It Was Oil, After All

July 10, 2006

Last month the new prime minister of Iraq proposed to his country a plan of reconciliation which included, among other provisions, that the United States withdraw by a date certain.  That proposal was on the table for only a couple of days and then, reportedly because of pressure from the United States, removed. The prime minister’s plan for reconciliation no longer contains that provision. The US says that Iraqi forces are not yet trained, or that to pull out too soon would be to cast the country into civil war, or that the Iraqi democracy is not yet fully established.   Unfortunately, there is another explanation which is more troubling.

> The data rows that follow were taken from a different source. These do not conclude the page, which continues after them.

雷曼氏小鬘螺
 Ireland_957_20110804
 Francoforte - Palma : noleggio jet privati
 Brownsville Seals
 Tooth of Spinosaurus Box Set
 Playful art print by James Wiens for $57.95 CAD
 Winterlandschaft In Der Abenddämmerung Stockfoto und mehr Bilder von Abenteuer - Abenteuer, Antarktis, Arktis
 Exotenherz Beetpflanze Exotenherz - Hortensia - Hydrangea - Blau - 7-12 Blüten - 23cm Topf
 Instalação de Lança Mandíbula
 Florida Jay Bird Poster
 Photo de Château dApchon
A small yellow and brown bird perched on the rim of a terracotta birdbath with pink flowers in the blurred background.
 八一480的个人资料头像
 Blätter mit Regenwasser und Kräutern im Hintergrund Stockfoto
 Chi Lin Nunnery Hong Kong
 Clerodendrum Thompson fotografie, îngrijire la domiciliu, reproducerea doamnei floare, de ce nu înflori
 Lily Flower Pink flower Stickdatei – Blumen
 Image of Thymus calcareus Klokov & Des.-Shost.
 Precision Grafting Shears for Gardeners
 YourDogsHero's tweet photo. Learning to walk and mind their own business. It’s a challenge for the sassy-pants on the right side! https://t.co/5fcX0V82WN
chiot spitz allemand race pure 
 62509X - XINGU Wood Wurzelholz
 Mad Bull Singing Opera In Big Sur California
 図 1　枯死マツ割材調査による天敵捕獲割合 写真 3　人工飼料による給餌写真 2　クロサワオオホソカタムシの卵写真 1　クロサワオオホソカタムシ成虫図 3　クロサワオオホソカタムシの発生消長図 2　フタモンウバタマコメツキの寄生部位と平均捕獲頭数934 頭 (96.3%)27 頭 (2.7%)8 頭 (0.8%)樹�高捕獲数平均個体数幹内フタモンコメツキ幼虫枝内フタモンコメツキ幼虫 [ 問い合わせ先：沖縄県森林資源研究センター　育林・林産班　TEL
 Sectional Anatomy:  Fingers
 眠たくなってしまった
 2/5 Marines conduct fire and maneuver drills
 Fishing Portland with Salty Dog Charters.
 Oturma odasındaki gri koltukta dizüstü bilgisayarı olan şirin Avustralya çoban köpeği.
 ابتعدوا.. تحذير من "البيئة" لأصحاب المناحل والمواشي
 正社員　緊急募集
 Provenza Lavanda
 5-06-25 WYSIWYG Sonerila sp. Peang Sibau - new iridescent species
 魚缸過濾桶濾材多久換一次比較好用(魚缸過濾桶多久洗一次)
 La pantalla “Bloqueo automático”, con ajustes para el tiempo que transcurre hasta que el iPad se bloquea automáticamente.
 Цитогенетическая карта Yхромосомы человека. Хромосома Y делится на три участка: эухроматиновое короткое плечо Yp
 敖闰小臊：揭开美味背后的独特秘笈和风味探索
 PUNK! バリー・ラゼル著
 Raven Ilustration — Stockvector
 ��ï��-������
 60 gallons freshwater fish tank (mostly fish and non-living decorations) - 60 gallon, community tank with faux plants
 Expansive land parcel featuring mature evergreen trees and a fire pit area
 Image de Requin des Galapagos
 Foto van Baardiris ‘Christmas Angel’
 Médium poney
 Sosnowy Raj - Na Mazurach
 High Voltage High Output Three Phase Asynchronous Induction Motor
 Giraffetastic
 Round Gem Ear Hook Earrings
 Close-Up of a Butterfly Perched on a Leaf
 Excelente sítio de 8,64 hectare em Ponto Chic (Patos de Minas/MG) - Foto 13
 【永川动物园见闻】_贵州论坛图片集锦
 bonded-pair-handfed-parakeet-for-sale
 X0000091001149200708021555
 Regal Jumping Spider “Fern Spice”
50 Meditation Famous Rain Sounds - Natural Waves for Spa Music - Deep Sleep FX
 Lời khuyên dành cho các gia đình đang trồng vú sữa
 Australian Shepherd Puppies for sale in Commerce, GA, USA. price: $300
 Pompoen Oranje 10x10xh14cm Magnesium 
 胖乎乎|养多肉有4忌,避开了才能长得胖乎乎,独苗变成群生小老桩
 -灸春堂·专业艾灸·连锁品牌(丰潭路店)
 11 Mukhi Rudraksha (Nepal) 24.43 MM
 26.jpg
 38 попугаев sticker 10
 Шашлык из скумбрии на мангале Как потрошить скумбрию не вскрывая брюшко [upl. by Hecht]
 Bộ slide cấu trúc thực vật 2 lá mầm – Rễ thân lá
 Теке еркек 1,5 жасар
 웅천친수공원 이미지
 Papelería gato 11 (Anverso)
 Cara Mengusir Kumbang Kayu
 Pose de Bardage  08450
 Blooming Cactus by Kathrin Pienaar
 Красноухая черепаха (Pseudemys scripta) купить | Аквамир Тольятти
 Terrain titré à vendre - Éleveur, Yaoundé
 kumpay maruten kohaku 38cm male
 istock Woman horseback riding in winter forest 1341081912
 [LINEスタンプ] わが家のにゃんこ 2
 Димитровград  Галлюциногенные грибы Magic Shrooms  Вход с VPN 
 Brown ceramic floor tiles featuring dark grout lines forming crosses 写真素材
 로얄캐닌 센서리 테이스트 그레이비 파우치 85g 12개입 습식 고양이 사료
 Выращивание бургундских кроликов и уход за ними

In the spring of the year 2001, when Dick Cheney had been in office less than three months, he convened a task force to discuss energy policy for the United States.   His group asked for and was supplied by the Commerce Department, a document entitled “Foreign Suitors for Iraqi Oil.” The document, subsequently obtained by Judicial Watch through a FOIA request, can now be understood to have had great significance.   It was only three pages but it listed 30 countries which had obtained concessions from Saddam Hussein for the huge oil reserves of Iraq.   Countries on the list ran through the alphabet from Australia to Vietnam and the details included the specific names of the private companies and locations of their concessions.   Sadly, in all this list of 30 countries and companies, the United States was not anywhere to be found.   Not one US company was in negotiation or had achieved an agreement with Saddam Hussein.

Vice President Cheney and his Energy Policy Task Force were therefore confronted with the appalling fact that the US oil industry had been completely out-maneuvered in the competition for the world’s third largest oil reserves. Cheney and his colleagues must have known, further, that they could not abolish that list with any peaceful tools.   UN sanctions or weapons inspectors were irrelevant to establish control of the oil fields.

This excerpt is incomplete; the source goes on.